On what Illinois Wesleyan means to him:

Oh, it means a lot of things. It’s the education of students in a traditional place, studying traditional subjects that carry their minds with great flexibility and strength toward the future. It is feeling here — on this small quad of a few acres — the essence of the world, of human history, of everything that has been, and what things might be.

On the importance of alumni:

Our alumni have cared for this place, they’ve worked, they’ve pushed, they’ve imagined, they’ve dreamed. And as you tour the campus, as you see the greens, and you see the buildings, and you see the students with their scholarships, this is alumni dreaming. And what we’re doing now working with alums is to organize, centralize, and direct a new level of involvement, to make our new dreams a reality.

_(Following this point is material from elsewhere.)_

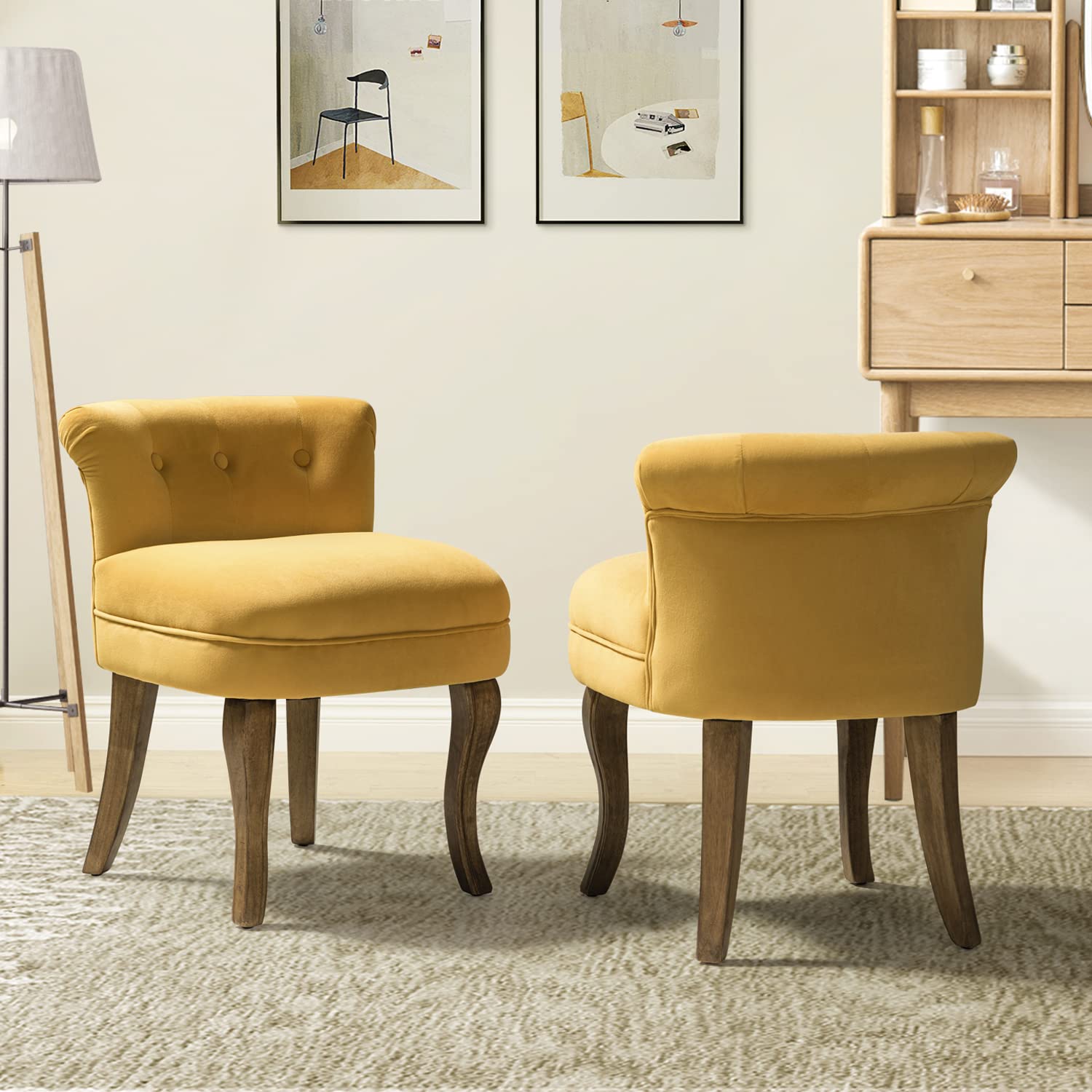 HULALA HOME Velvet Vanity Chairs with Low Back, Modern Vanity Stool with Solid Wood Legs, Small Upholstered Makeup Chair for Bed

On the liberal arts' significance:

And what the liberal arts teach us is: What do we know? What should we know? What is good? And what is right? And in an era of specialization — when people focus for a career in intermittent bursts of four to six years on one thing, and then another, and then another — it’s the liberal-arts mind that holds those specialties all together. Such a mind is trained, as John Wesley Powell said in our motto in the 1860s, in “Scientia et Sapientia” — knowledge and wisdom. The knowledge of details and facts, and the wisdom to ask, amongst all those facts, what is best, what is right, and what is just?

On his dreams for the University’s future:

Dreams come easy on a college campus. They always have here. A lot of dreams are in our archives, imagined, never funded. And the fun thing about past decades is dreams and support have gone so well together. As we look ahead, at our own Sesquicentennial, we’re going to be dreaming again. A lot of committees are going to do a lot of thinking about programs, about grounds, and buildings. We built a lot of buildings. Now the question will be doing more intensive and interesting things in them, making improvements in the programs we have. I can’t believe that there won’t be a building or two tucked into some of our plans and some of our dreams, but the dreams will always focus around the education of students and improving their lives.